* _Data shown_

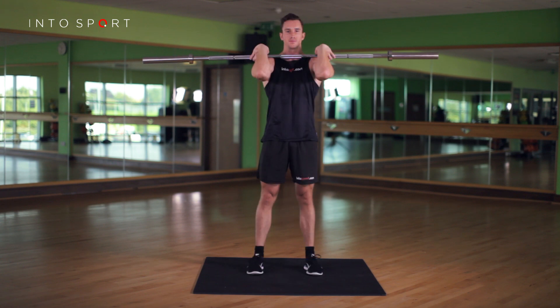To establish the racked position of the bar, place the hands with a clean width grip. The easiest way to set this correctly is to stand with your arms by your sides and your thumbs poking into the outside of your thigh. This is the width grip you should take on the bar.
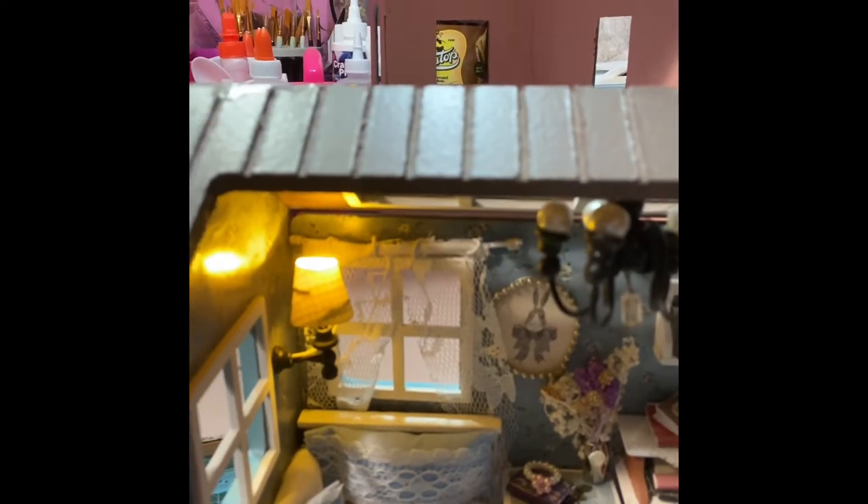There it is — see, maybe you can see the lighting. There it is! I literally had to construct the lamp with the wiring and everything together. It was really fun — even the curtains — just trying to put these things together. That was my first miniature, but it was a lot of fun.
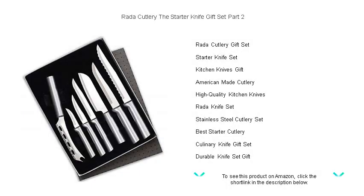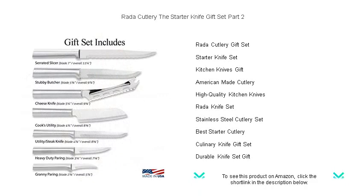Discover the perfect fusion of form, function, and value with Rada Cutlery's Starter Knife Gift Set Part 2 — your indispensable sidekick in the culinary arena.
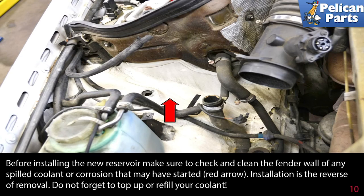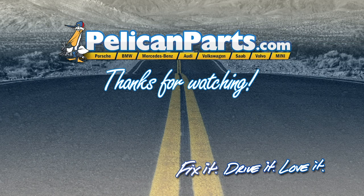Installation is the reverse of removal. Don't forget to top up or refill your coolant. Thanks for watching. Click here to view the original article along with hundreds of other DIY content for your car.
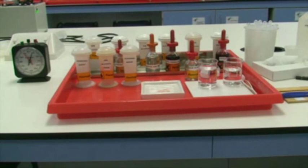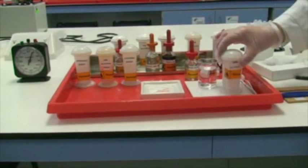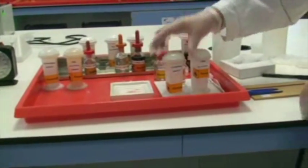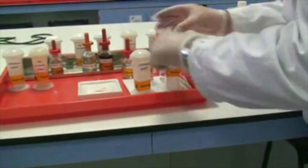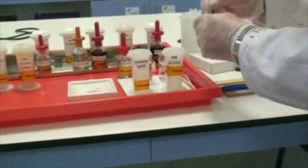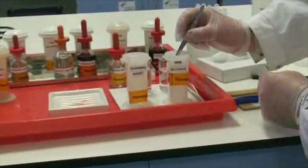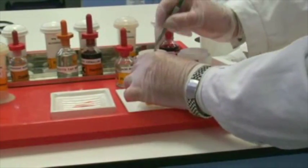We're now at the point where we're going to transfer from the last absolute alcohol into the clearing agent. The slide is going to spend at least 10 minutes in this final step before we mount the section.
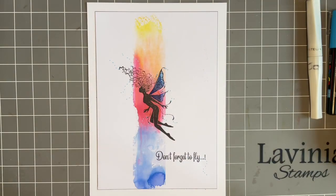Hi everybody, Jo here again. Thanks so much for popping in. As always, lovely to spend time with you.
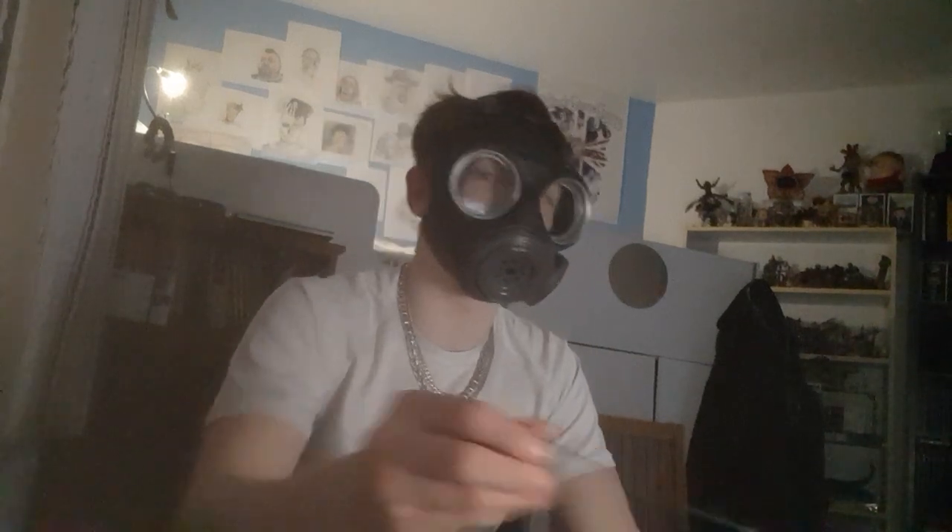I got a new gas mask the other day. It's a British Light Anti-Gas Respirator Mark One, and this one was one of the many they sold to the Danish after World War II.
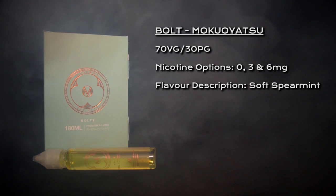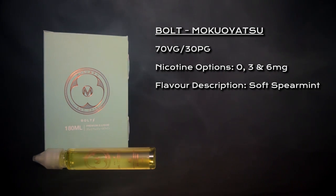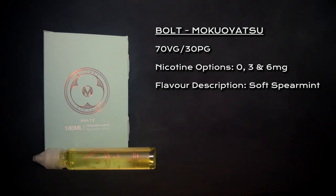What's going on Vapors, welcome to my review for Bolt by Moku Uyatsu. Bolt is a 70-30 VG PG blend, nicotine options are 0, 3, and 6 milligrams, and it is a soft spearmint flavor.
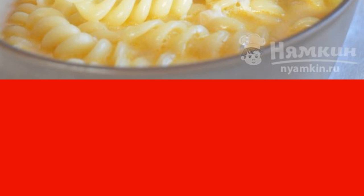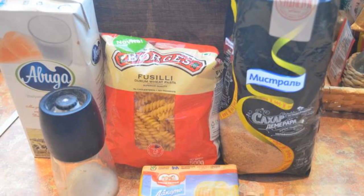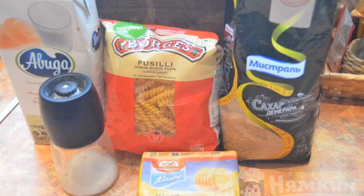The complexity of the dish is medium. We will prepare the necessary ingredients.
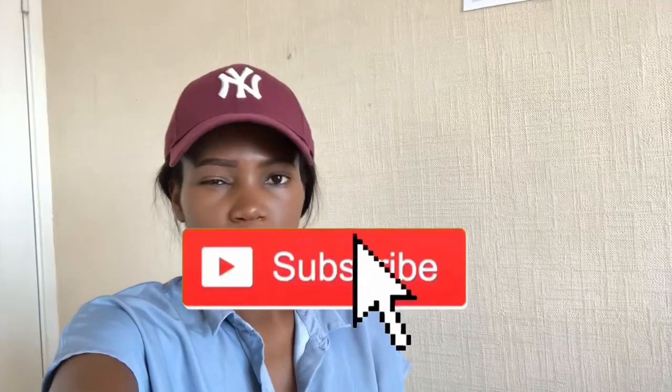Hi everyone, welcome back to my channel. For those that don't know me, my name is Vanessa. I'm an eBay reseller and I sell basically stuff on eBay for profit. I am now sharing my journey here on YouTube. So if you're new, please don't forget to subscribe for more videos.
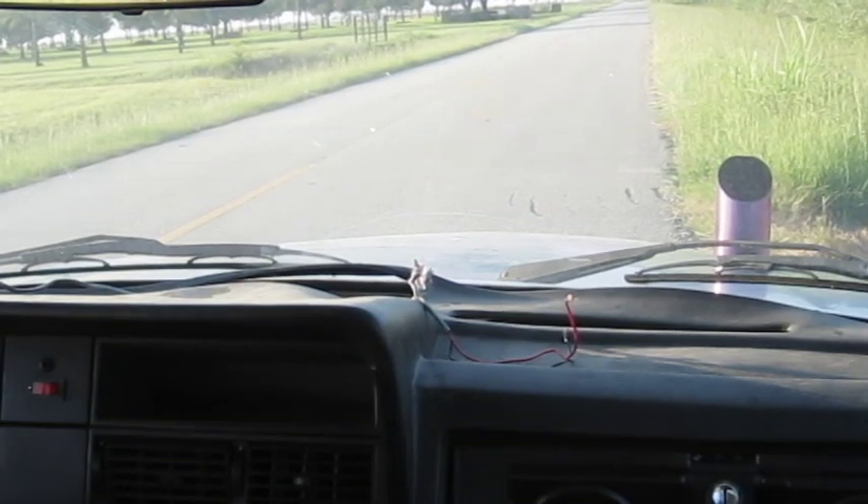All right, see if I can't make it home without this thing overheating, or at least overheating too bad.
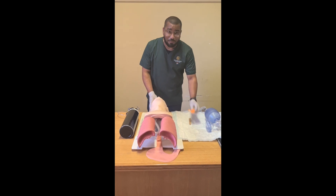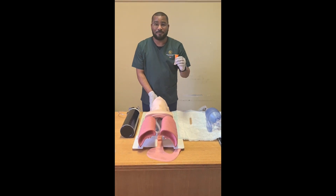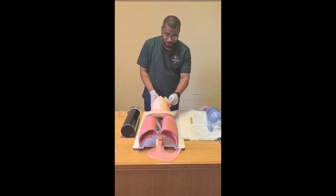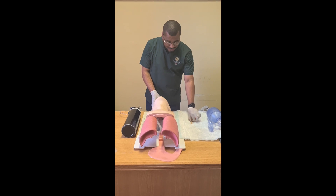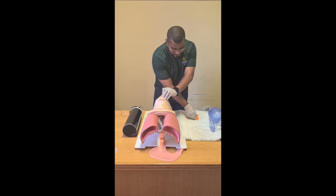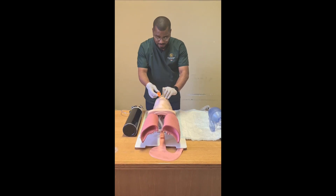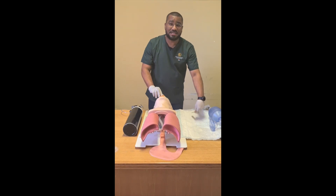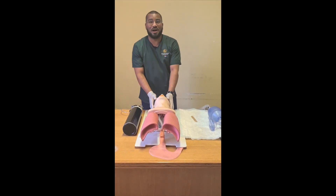I will then proceed by measuring my OPA. That is done from the tip of the ear to the opening of the mouth. I will then use my tongue depressor to gently depress the tongue and insert my OPA accordingly. Once my OPA is inserted, my airway is now open.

* _Task requirements_
Only the text of the material belongs in your copy, which must match the original exactly.

* _Finished task_
To establish the racked position of the bar, place the hands with a clean width grip. The easiest way to set this correctly is to stand with your arms by your sides and your thumbs poking into the outside of your thigh. This is the width grip you should take on the bar.
There it is — see, maybe you can see the lighting. There it is! I literally had to construct the lamp with the wiring and everything together. It was really fun — even the curtains — just trying to put these things together. That was my first miniature, but it was a lot of fun.
Discover the perfect fusion of form, function, and value with Rada Cutlery's Starter Knife Gift Set Part 2 — your indispensable sidekick in the culinary arena.
Installation is the reverse of removal. Don't forget to top up or refill your coolant. Thanks for watching. Click here to view the original article along with hundreds of other DIY content for your car.
We're now at the point where we're going to transfer from the last absolute alcohol into the clearing agent. The slide is going to spend at least 10 minutes in this final step before we mount the section.
Hi everybody, Jo here again. Thanks so much for popping in. As always, lovely to spend time with you.
I got a new gas mask the other day. It's a British Light Anti-Gas Respirator Mark One, and this one was one of the many they sold to the Danish after World War II.
What's going on Vapors, welcome to my review for Bolt by Moku Uyatsu. Bolt is a 70-30 VG PG blend, nicotine options are 0, 3, and 6 milligrams, and it is a soft spearmint flavor.
The complexity of the dish is medium. We will prepare the necessary ingredients.
Hi everyone, welcome back to my channel. For those that don't know me, my name is Vanessa. I'm an eBay reseller and I sell basically stuff on eBay for profit. I am now sharing my journey here on YouTube. So if you're new, please don't forget to subscribe for more videos.
All right, see if I can't make it home without this thing overheating, or at least overheating too bad.
I will then proceed by measuring my OPA. That is done from the tip of the ear to the opening of the mouth. I will then use my tongue depressor to gently depress the tongue and insert my OPA accordingly. Once my OPA is inserted, my airway is now open.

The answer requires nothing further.